Global rating agencies Fitch and Moody’s said banks’ exposure to the Adani group is not large enough to affect their credit quality.
“Fitch Ratings believes that Indian banks’ exposure to the Adani group is insufficient in itself to present a substantial risk to the banks’ standalone credit profiles,” the rating agency said in a note.
Moody’s stated that although the exposures to Adani group are larger for public sector banks than for private sector banks, they are smaller than 1 per cent of total loans for most banks.
“Risks for banks can increase if Adani becomes more reliant on bank loans,” Moody’s said.
However, the group’s access to funding from international markets can be curtailed because of heightened risk perception.
“Yet the overall quality of Indian banks’ corporate loans will be stable,” Moody’s said.
“Corporates in general have deleveraged in the past few years. This is reflected in modest growth in their corporate loan books. Further, banks’ underwriting has been conservative.”

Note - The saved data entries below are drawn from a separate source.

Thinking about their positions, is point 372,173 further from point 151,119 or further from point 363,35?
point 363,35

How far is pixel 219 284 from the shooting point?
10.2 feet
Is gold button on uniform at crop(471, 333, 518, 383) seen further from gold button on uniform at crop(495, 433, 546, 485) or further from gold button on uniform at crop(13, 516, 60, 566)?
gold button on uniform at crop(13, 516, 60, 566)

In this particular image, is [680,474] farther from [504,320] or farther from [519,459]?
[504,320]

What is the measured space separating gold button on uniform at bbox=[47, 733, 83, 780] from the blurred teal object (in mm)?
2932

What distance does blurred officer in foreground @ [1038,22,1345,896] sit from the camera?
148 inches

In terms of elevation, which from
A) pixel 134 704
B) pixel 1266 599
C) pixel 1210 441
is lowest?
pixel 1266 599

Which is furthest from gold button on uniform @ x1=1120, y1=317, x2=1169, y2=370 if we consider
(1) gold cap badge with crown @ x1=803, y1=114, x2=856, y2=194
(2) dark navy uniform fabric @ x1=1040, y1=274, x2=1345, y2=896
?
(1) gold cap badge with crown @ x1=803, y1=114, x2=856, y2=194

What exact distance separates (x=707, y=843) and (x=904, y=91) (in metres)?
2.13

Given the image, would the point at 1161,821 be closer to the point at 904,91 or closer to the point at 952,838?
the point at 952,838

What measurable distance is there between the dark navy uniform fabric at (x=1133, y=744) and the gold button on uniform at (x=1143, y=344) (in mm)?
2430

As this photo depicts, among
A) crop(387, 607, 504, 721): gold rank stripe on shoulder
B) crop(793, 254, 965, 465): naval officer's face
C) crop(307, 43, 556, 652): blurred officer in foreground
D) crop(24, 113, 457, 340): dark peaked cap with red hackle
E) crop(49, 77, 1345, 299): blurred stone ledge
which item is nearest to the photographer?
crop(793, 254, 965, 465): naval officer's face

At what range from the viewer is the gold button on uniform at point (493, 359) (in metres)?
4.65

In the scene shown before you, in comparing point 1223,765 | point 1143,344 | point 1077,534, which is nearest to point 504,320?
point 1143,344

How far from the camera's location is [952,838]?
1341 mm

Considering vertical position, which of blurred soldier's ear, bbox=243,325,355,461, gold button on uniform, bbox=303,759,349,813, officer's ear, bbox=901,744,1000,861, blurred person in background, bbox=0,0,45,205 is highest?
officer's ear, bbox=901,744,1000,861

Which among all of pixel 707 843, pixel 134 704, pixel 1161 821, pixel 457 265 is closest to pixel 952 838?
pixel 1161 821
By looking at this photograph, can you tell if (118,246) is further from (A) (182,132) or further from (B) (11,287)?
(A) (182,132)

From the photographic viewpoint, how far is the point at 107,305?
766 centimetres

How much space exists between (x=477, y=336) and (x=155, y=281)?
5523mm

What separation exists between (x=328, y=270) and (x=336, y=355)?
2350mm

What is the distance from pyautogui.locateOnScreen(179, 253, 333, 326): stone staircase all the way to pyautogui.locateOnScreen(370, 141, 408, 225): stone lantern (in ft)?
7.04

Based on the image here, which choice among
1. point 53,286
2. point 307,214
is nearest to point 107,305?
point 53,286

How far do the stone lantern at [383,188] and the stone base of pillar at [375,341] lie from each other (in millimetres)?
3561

Fitch said ratings of banks remain driven by expectations that the banks would receive extraordinary sovereign support, if needed.
US-based activist short-seller Hindenburg Research in a report dated January 24 made a litany of allegations, including fraudulent transactions and share price manipulation at the Gautam Adani-led group.
The Adani group has dismissed the charges of the short-seller as lies, saying it complies with all laws and disclosure requirements.